Link Search Menu Expand Document
  1. COMMISSION BACKGROUND

COMMISSION BACKGROUND

The digital connectivity that has brought economic growth, technological dominance, and an improved quality of life to nearly every American has also created a strategic dilemma. The United States now operates in a cyber landscape that requires a level of data security, resilience, and trustworthiness that neither the U.S. government nor the private sector alone is currently equipped to provide. Moreover, shortfalls in agility, technical expertise, and unity of effort, both within the U.S. government and between the public and private sectors, are growing. For more than 20 years, nation-states and non-state actors have leveraged cyberspace to subvert American power, American security, and the American way of life. The perpetrators of these cyberattacks exploited weaknesses in both systems and strategy and assessed that their forays damaged the United States without triggering any significant retaliation. American restraint was met with unchecked predation.1 The U.S. Cyberspace Solarium Commission (CSC) was established in the John S. McCain National Defense Authorization Act for Fiscal Year 2019 to address these challenges and “develop a consensus on a strategic approach to defending the United States in cyberspace against cyber attacks of significant consequences.”2

To meet its mandate, the CSC produced a final report, published in March 2020, outlining a strategic approach and 82 recommendations for the U.S. government. In developing the final report, task forces met with more than 300 stakeholders from industry; academia; federal, state, and local governments; international organizations; and think tanks, and they stress-tested their recommendations through a series of red team reviews and a scenario-based Solarium event. Following the Solarium event, the Commissioners assessed each strategy and its supporting policy recommendations, providing formal feedback. The staff tabulated this feedback and used the insights and guidance to further refine the recommendations.

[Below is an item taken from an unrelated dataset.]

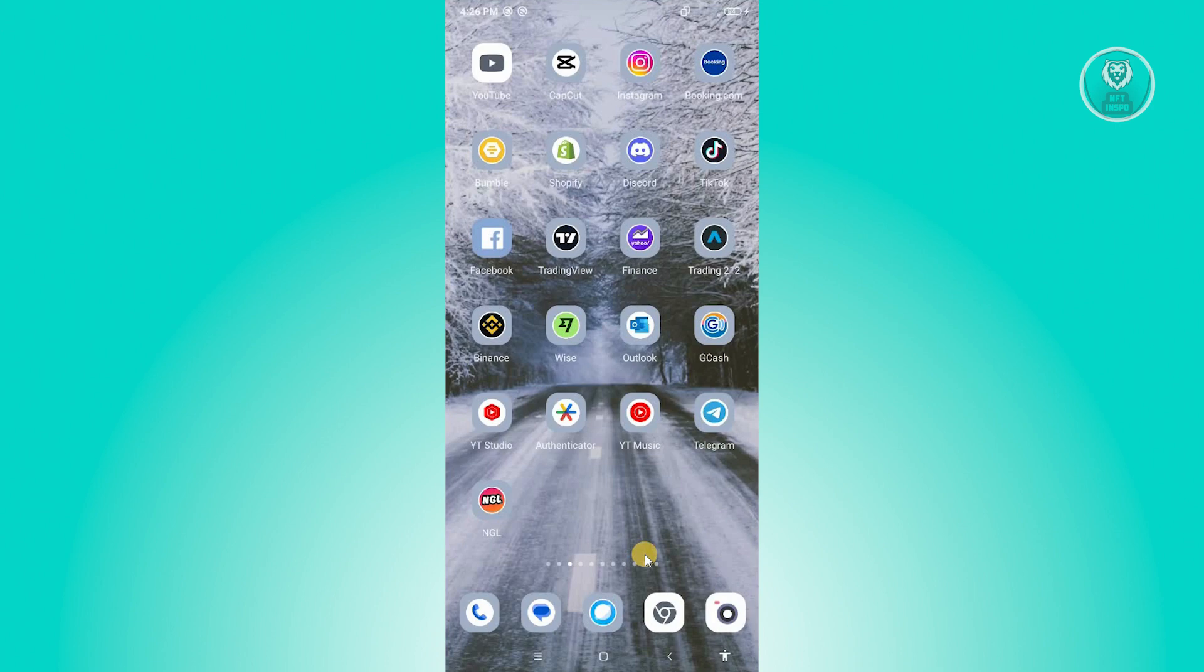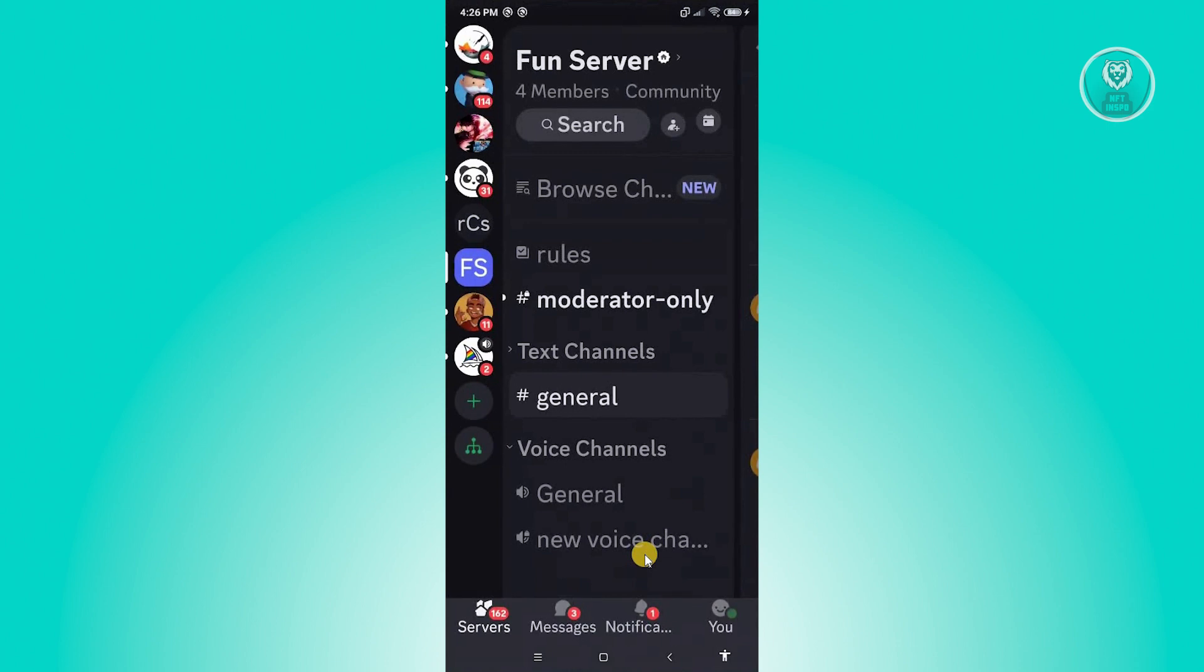So whenever you're trying to stream your mobile in Discord, you might get this issue where everything is quite zoomed in. Now streaming via this UI here would also result in your stream having that zoomed in view.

In the months following the launch of the final report, Commissioners and staff produced legislative proposals (where appropriate) to support its recommendations, and worked with relevant committees in the House and Senate to implement many of the Commission’s original recommendations. In addition, the Commission issued four white papers with new and updated recommendations: they addressed lessons on cybersecurity from the pandemic, details on the national cyber director recommendation, a framework for a cybersecurity workforce development strategy, and proposals on how to secure America’s information and communications technology (ICT) supply chains. A fifth white paper, published in January 2021, highlighted specific priorities for the incoming Biden-Harris administration. Many of the Commission’s key recommendations have been enacted in legislation, but there is still more work to be done to meet the urgent challenges facing our nation, and much can be achieved through coordinated and thoughtful executive action.

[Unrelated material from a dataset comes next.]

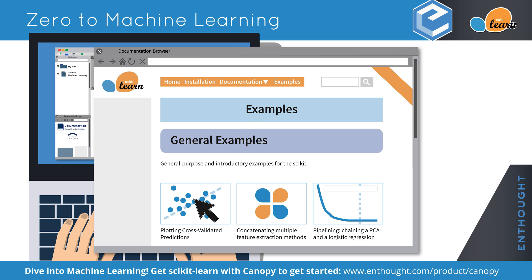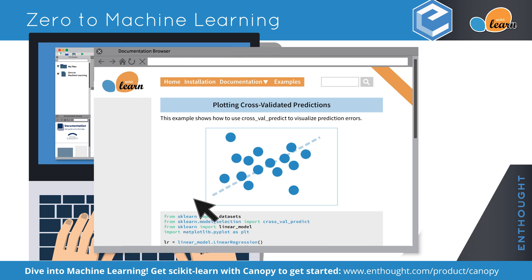Let's choose the first example: Plotting Cross-Validated Predictions. Click on the plot and it opens a definition of the example and the code needed to run it.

This assessment is intended to review the implementation of the recommendations made by the Commission over the course of the previous year. The recommendations themselves are discussed in more detail in the Commission’s final report and accompanying white papers.3


1David Alexander, “Hagel, Ahead of China Trip, Urges Military Restraint in Cyberspace,” Reuters, March 28, 2014, https://www.reuters.com/article/ us-usa-defense-cybersecurity/hagel-ahead-of-china-trip-urges-military-restraint-in-cyberspace-idUSBREA2R1ZH20140328.

2 John S. McCain National Defense Authorization Act for Fiscal Year 2019, Pub. L. No. 115-232 [hereafter FY19 NDAA], § 1652, 132 Stat. 1636, 2140 (2018), https://www.govinfo.gov/content/pkg/PLAW-115publ232/pdf/PLAW-115publ232.pdf.

3 These publications are available at the Cyberspace Solarium Commission’s website, www.solarium.gov.